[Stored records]
++++

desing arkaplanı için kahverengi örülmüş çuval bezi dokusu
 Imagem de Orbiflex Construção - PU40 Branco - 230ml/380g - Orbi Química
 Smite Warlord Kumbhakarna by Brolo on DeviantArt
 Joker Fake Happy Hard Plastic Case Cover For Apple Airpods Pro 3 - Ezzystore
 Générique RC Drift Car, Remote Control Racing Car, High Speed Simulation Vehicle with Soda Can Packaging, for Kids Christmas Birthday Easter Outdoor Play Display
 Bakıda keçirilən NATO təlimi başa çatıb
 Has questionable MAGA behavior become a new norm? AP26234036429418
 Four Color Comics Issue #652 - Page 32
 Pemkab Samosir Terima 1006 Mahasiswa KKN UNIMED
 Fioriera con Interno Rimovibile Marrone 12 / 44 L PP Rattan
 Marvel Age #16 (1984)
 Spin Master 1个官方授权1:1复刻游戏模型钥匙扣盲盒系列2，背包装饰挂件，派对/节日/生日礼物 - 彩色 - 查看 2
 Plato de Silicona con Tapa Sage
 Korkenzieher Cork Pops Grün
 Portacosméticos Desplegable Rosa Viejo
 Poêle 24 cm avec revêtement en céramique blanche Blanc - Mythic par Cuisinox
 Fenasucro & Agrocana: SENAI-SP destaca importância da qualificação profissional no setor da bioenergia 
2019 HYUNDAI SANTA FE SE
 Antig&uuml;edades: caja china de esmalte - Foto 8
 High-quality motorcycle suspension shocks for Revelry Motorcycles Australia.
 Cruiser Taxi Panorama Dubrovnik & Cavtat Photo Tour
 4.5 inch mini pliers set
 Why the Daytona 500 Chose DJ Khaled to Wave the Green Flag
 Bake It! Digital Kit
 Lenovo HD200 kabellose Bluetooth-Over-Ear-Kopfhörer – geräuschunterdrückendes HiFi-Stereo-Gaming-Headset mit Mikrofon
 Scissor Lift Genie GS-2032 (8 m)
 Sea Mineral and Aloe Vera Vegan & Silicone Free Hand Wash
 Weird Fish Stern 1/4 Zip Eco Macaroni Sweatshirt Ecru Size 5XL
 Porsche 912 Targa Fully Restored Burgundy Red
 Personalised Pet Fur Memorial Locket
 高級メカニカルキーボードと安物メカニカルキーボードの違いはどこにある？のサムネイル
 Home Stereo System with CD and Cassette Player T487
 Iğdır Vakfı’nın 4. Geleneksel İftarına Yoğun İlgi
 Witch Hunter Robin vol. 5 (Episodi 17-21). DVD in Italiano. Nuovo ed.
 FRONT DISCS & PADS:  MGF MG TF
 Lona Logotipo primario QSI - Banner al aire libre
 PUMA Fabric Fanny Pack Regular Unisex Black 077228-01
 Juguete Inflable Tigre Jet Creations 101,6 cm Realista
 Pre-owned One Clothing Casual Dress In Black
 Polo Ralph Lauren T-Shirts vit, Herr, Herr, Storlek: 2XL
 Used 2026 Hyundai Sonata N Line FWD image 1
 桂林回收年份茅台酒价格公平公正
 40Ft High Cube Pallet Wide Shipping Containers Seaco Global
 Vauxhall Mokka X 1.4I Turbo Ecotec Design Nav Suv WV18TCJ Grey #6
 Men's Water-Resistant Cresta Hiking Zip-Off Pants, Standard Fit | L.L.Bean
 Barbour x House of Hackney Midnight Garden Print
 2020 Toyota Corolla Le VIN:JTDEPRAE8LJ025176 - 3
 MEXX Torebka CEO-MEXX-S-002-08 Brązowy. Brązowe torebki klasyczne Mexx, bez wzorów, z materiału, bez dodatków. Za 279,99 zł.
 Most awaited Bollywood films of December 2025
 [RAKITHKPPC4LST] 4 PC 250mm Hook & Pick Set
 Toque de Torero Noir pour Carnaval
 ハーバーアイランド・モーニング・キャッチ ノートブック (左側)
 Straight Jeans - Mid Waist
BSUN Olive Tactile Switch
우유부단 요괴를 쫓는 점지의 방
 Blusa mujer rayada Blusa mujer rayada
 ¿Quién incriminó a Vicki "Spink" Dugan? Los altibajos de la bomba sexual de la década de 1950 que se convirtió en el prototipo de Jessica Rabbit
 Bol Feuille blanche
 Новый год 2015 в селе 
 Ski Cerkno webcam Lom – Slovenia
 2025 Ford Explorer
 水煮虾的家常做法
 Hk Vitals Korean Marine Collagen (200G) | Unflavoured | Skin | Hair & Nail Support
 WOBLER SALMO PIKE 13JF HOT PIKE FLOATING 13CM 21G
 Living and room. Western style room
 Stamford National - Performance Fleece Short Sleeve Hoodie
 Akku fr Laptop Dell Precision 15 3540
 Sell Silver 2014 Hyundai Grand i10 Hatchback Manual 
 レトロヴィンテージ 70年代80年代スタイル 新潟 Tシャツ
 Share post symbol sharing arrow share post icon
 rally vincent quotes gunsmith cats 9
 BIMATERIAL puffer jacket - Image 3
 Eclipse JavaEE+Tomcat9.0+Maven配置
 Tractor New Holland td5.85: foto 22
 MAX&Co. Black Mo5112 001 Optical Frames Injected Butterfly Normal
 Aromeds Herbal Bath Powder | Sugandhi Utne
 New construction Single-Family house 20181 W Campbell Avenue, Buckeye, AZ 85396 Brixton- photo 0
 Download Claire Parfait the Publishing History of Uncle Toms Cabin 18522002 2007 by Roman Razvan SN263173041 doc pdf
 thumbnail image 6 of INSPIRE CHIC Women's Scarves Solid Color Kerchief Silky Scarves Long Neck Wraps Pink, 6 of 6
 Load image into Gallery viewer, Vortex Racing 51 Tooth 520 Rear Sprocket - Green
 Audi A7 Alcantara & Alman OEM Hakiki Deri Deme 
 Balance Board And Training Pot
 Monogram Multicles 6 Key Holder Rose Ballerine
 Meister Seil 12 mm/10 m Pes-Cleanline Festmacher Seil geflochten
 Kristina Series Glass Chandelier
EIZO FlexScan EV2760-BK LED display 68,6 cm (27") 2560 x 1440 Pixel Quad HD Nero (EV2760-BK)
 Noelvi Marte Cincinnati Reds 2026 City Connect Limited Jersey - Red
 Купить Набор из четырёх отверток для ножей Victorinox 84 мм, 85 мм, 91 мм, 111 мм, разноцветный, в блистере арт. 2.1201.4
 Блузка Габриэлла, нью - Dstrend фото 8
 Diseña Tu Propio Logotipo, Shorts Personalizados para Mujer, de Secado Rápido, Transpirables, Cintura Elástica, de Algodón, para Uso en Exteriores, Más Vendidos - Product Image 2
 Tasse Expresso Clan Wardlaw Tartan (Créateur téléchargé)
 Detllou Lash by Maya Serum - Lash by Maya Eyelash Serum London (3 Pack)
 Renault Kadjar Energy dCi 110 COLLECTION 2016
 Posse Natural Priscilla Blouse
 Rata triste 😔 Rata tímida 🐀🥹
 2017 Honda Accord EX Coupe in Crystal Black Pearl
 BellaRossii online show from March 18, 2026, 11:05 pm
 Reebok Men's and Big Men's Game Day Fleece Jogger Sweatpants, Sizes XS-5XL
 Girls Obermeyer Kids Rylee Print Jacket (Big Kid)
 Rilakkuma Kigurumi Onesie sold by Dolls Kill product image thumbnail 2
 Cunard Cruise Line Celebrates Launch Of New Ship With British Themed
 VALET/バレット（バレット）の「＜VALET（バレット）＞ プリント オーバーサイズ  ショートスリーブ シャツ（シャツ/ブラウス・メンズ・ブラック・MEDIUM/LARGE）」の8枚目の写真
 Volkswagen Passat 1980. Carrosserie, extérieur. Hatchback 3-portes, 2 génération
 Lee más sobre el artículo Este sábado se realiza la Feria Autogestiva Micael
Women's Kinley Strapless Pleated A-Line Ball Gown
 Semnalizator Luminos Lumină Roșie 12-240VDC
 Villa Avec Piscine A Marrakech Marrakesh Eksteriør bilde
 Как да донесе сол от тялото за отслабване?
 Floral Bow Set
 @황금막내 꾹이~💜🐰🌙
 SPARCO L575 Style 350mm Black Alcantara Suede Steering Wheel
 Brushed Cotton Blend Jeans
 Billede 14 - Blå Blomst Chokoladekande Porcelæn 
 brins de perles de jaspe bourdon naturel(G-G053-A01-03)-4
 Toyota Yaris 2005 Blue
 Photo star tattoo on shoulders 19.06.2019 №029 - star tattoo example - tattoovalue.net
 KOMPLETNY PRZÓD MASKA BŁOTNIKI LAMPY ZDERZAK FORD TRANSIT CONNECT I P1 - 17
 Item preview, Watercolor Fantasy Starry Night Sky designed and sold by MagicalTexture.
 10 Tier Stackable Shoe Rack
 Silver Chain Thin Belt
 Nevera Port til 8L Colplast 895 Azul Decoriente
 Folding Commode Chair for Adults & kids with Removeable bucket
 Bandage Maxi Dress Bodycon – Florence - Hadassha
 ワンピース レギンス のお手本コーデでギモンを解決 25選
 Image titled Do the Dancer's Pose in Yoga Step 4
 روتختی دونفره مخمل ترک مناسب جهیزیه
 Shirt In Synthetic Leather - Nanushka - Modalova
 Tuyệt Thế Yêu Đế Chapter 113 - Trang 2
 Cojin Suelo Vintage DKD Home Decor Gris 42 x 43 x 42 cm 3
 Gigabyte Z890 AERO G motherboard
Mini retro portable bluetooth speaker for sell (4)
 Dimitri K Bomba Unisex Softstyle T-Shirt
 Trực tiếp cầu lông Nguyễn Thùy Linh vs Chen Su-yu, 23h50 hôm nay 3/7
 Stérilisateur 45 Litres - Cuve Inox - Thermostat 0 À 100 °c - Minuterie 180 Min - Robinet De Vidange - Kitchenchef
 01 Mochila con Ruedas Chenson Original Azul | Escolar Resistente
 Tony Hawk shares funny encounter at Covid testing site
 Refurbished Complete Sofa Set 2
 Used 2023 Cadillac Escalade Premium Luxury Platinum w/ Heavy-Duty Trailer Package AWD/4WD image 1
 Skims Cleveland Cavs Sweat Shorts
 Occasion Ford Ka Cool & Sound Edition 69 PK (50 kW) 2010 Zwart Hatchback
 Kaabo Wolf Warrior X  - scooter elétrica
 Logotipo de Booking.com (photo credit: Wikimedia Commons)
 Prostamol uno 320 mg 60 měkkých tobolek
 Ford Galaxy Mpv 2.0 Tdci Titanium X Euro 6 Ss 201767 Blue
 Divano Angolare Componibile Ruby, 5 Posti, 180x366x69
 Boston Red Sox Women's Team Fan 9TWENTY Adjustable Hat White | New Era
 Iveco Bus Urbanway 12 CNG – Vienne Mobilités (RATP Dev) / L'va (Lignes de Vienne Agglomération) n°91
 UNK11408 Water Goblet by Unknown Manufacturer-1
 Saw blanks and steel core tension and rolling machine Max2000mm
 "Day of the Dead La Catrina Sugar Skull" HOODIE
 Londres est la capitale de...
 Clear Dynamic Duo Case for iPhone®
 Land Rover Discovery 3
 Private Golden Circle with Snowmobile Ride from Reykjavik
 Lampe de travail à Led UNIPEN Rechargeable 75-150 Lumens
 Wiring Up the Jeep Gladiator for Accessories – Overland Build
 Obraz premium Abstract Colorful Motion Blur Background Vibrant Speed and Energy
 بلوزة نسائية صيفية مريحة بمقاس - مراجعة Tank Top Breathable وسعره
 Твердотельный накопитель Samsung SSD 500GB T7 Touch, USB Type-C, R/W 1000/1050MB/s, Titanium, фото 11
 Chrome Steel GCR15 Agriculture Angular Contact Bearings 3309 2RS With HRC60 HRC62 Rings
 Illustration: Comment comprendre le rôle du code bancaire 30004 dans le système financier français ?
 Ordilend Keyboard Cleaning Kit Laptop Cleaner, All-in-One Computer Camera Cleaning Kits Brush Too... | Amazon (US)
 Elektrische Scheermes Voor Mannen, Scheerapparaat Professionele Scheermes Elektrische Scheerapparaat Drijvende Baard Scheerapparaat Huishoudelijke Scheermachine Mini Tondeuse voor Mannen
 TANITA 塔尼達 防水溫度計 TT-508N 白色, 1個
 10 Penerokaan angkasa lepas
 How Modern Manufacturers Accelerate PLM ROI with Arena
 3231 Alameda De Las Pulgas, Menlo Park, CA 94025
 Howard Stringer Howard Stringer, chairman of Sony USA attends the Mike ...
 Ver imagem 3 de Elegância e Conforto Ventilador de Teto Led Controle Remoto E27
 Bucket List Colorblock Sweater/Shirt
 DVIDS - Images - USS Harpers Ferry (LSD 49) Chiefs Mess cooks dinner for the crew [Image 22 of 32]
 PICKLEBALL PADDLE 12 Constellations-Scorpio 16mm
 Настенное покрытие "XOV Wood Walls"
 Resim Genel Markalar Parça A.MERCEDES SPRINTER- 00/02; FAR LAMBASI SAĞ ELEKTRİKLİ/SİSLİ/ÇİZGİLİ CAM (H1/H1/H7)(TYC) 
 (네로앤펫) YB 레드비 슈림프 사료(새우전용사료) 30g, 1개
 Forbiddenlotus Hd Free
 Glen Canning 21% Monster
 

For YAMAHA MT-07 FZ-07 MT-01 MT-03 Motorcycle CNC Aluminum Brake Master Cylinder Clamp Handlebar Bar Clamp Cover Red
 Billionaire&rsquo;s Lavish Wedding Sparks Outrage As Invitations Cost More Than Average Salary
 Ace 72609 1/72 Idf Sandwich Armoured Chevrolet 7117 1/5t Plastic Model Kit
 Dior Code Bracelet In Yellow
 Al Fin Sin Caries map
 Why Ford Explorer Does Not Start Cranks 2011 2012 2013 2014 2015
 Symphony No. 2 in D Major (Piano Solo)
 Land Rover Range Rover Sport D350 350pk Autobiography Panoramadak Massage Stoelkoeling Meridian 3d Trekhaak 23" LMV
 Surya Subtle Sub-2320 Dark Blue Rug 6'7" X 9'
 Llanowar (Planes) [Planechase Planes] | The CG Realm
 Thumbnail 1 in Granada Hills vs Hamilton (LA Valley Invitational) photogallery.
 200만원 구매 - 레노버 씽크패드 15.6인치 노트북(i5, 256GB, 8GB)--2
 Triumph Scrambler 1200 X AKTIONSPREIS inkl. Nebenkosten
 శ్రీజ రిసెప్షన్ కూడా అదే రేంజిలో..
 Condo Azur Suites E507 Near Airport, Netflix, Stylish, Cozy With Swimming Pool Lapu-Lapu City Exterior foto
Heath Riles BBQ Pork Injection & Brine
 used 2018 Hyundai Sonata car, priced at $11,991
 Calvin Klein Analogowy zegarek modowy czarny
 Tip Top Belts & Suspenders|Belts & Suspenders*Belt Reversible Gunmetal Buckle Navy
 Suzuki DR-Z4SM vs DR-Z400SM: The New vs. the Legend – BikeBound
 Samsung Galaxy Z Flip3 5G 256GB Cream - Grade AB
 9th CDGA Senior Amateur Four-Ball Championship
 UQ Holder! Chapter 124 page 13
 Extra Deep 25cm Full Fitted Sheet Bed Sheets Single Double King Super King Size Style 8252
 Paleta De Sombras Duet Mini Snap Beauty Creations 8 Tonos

++++

## Requirement
Only the lines from the top of the data through the line that contains "Iğdır Vakfı’nın 4." should be quoted, exactly as they stand.

## Answer for the task
desing arkaplanı için kahverengi örülmüş çuval bezi dokusu
 Imagem de Orbiflex Construção - PU40 Branco - 230ml/380g - Orbi Química
 Smite Warlord Kumbhakarna by Brolo on DeviantArt
 Joker Fake Happy Hard Plastic Case Cover For Apple Airpods Pro 3 - Ezzystore
 Générique RC Drift Car, Remote Control Racing Car, High Speed Simulation Vehicle with Soda Can Packaging, for Kids Christmas Birthday Easter Outdoor Play Display
 Bakıda keçirilən NATO təlimi başa çatıb
 Has questionable MAGA behavior become a new norm? AP26234036429418
 Four Color Comics Issue #652 - Page 32
 Pemkab Samosir Terima 1006 Mahasiswa KKN UNIMED
 Fioriera con Interno Rimovibile Marrone 12 / 44 L PP Rattan
 Marvel Age #16 (1984)
 Spin Master 1个官方授权1:1复刻游戏模型钥匙扣盲盒系列2，背包装饰挂件，派对/节日/生日礼物 - 彩色 - 查看 2
 Plato de Silicona con Tapa Sage
 Korkenzieher Cork Pops Grün
 Portacosméticos Desplegable Rosa Viejo
 Poêle 24 cm avec revêtement en céramique blanche Blanc - Mythic par Cuisinox
 Fenasucro & Agrocana: SENAI-SP destaca importância da qualificação profissional no setor da bioenergia 
2019 HYUNDAI SANTA FE SE
 Antig&uuml;edades: caja china de esmalte - Foto 8
 High-quality motorcycle suspension shocks for Revelry Motorcycles Australia.
 Cruiser Taxi Panorama Dubrovnik & Cavtat Photo Tour
 4.5 inch mini pliers set
 Why the Daytona 500 Chose DJ Khaled to Wave the Green Flag
 Bake It! Digital Kit
 Lenovo HD200 kabellose Bluetooth-Over-Ear-Kopfhörer – geräuschunterdrückendes HiFi-Stereo-Gaming-Headset mit Mikrofon
 Scissor Lift Genie GS-2032 (8 m)
 Sea Mineral and Aloe Vera Vegan & Silicone Free Hand Wash
 Weird Fish Stern 1/4 Zip Eco Macaroni Sweatshirt Ecru Size 5XL
 Porsche 912 Targa Fully Restored Burgundy Red
 Personalised Pet Fur Memorial Locket
 高級メカニカルキーボードと安物メカニカルキーボードの違いはどこにある？のサムネイル
 Home Stereo System with CD and Cassette Player T487
 Iğdır Vakfı’nın 4. Geleneksel İftarına Yoğun İlgi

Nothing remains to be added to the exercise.